Top of TASK INPUT
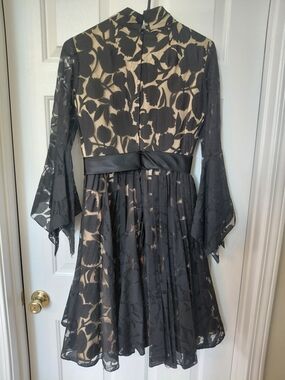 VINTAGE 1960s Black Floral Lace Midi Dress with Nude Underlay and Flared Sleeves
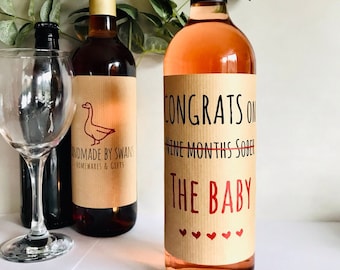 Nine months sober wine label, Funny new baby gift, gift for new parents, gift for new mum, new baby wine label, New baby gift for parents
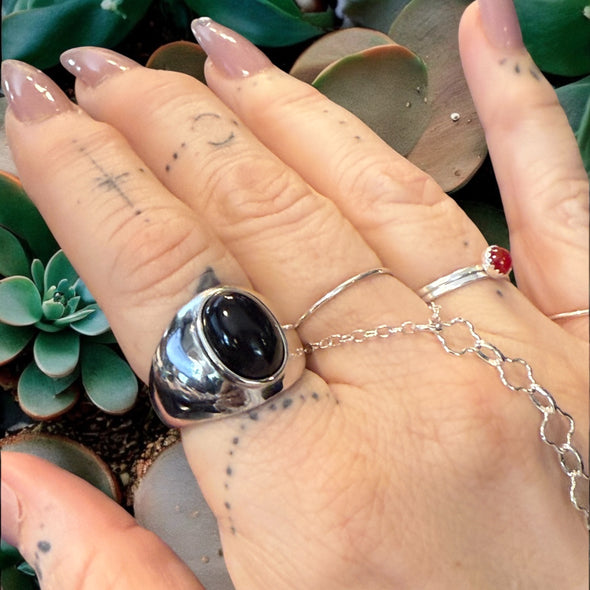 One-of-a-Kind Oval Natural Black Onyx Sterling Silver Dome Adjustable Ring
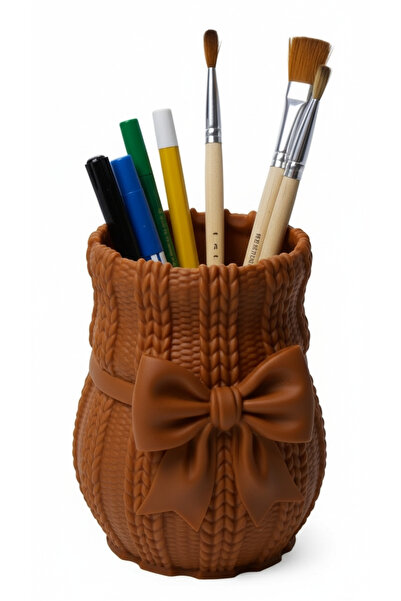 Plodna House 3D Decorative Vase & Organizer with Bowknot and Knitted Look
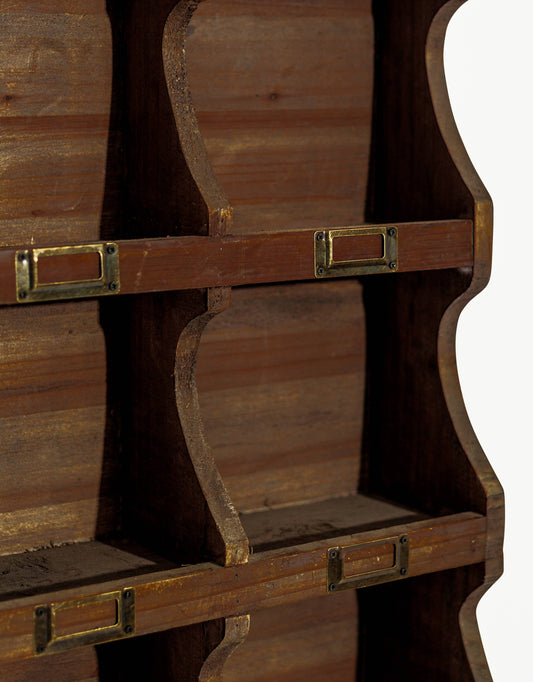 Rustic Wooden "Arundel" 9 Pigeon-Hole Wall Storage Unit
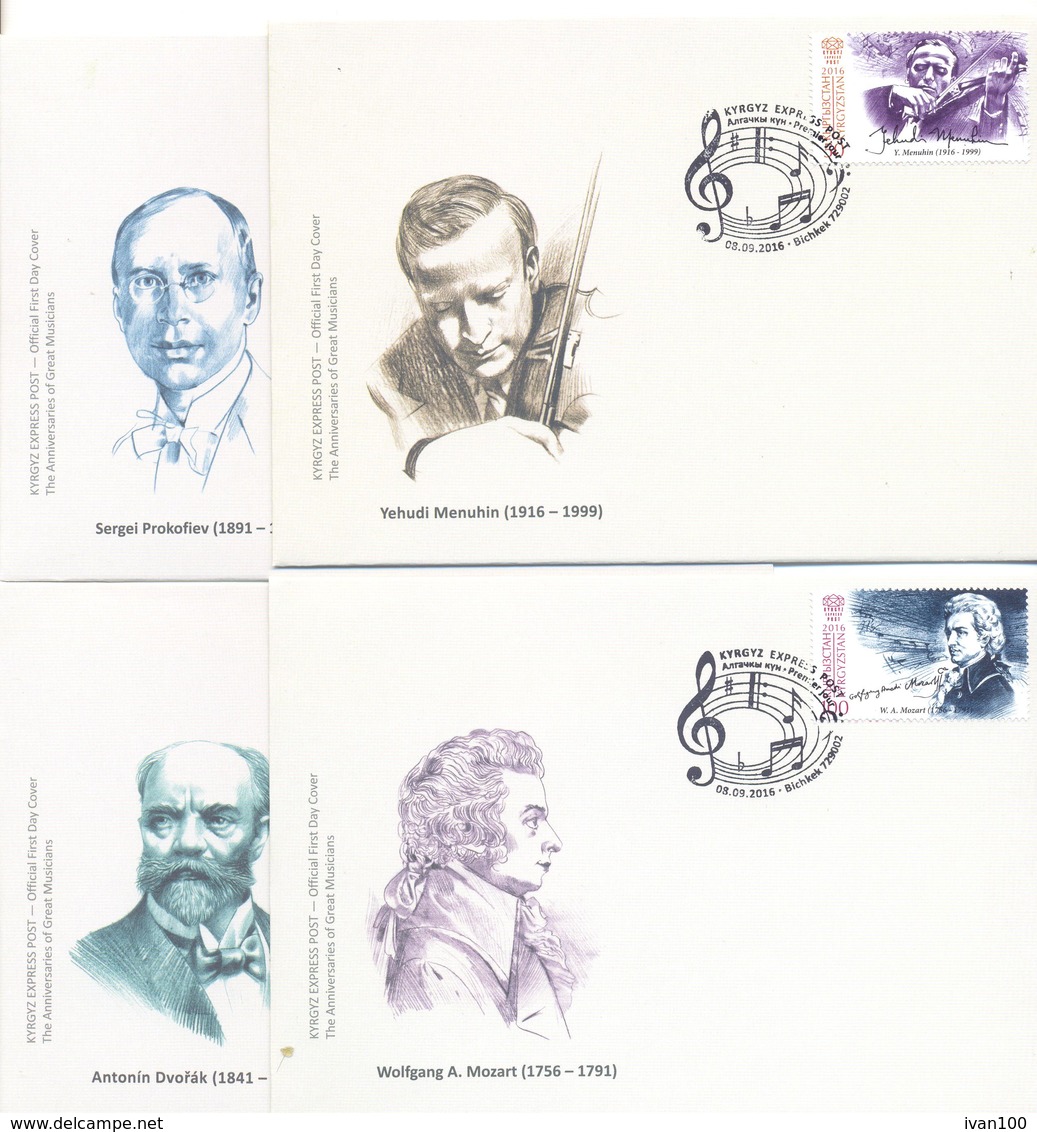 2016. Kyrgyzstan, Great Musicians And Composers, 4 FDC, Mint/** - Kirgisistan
Bottom of TASK INPUT
> _YOUR INSTRUCTIONS_
Retype the records exactly, but skip the pictures.

> _SOLUTION TO THE EXERCISE_
 VINTAGE 1960s Black Floral Lace Midi Dress with Nude Underlay and Flared Sleeves
 Nine months sober wine label, Funny new baby gift, gift for new parents, gift for new mum, new baby wine label, New baby gift for parents
 One-of-a-Kind Oval Natural Black Onyx Sterling Silver Dome Adjustable Ring
 Plodna House 3D Decorative Vase & Organizer with Bowknot and Knitted Look
 Rustic Wooden "Arundel" 9 Pigeon-Hole Wall Storage Unit
 2016. Kyrgyzstan, Great Musicians And Composers, 4 FDC, Mint/** - Kirgisistan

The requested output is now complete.